During the recent holidays, I received some very good news about some of my friends and about some other people I admire. Edgar Grove called to tell me that one of our mutual close friends was pictured with his family in the Christmas Eve issue of the Daily News, along with Steven McDonald and his wife, Patti Ann.

Edgar has been active in and around Laurelton for many years with the Federated Blocks of Laurelton, the Elmer H. Blackburne Regular Democratic Club, the Southeast Queens Community Partnership, St. Clare’s Roman Catholic Church and in the office of state Assemblyman William Scarborough (D-St. Albans).

Our friend Kevin Czartoryski, who is 6 feet 7 inches tall, was Laurelton’s first community policing officer. Czartoryski covered a very large area of our community, including Merrick Boulevard from Laurelton Parkway to Springfield Boulevard, pretty much by himself during our most dangerous times. As Sgt. James Phelan told me one day, “He is like a breath of fresh air.”

Czartoryski is sincerely interested in people, learns quickly, assesses situations accurately and does not hesitate to take whatever action is necessary to prevent the worsening of a bad situation.
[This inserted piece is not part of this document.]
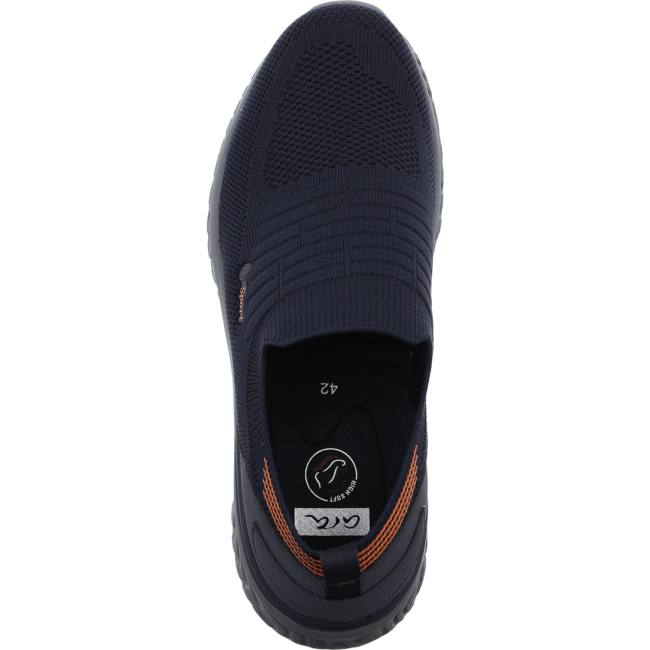 Ara Shoes San Diego Orange Men's Loafers Blue | ARA043UGD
There was one very scary night I remember all too well. One of our local stores had left employees inside to protect the premises after the owners and other employees had gone home. The steel gates were down and locked, as usual. Suddenly fire erupted, trapping the people — who spoke no English — inside. Luckily Czartoryski was nearby and called for help on his radio. He immediately went to work trying to break the lock and raise the gate while shouting instructions in Spanish to the trapped men.

When it was over and the folks who had been trapped, the firemen and everyone else seemed safe, Czartoryski was not concerned at all about the risk he had taken. He was more impressed and thankful that some man, unknown to him, had volunteered to help lift that gate and had then quickly disappeared, even before he could be thanked.

That was only one incident among many that made us admire and call Czartoryski our friend. We are delighted to add our congratulations to those he has already received for his latest promotion, the one noted in the Daily News, to the highest detective rank the New York Police Department has to offer, detective first grade.

We are proud of him and the many other wonderful NYPD people (too numerous to name) who helped tame our community when things were very much out of control. We also congratulate Steven and Patti McDonald, not only for Steven’s promotion to detective first grade but for both of their efforts and devotion to each other and the rest of us in trying to teach students and community groups about nonviolence, forgiveness and hope.

This young couple, both victims of a criminal’s bullet that paralyzed the husband, have been an example of courage truly above and beyond the call of duty. I felt very fortunate to have met them when they visited the Citizens’ Police Academy Alumni Association. They are very special people.

I was grateful to Edgar Grove for passing that good news along to me because I don’t always get down to Merrick Boulevard, and I would have been unhappy to have missed that particular issue. After Edgar and I talked about that news and a few other things, he said, “By the way, I got a promotion, too. I am now Assemblyman Scarborough’s office manager.”

Edgar is a modest, helpful, efficient gentleman who is most deserving of that promotion. Congratulations to him and his nice boss for making that good decision.

My last bit of good news before the Christmas holiday was when I came across the name of Kenneth Romney, who had been a law explorer with Post 2105 when I was an adult advisor there. I had been looking up the name of another friend in my little address book and when I spotted Kenneth’s name, I called his mom to find out how the years had treated him.

I was delighted to hear he is a successful engineer in the oil industry. He has been working overseas and is on his way back home. All the good news about some very good people made my holidays very happy.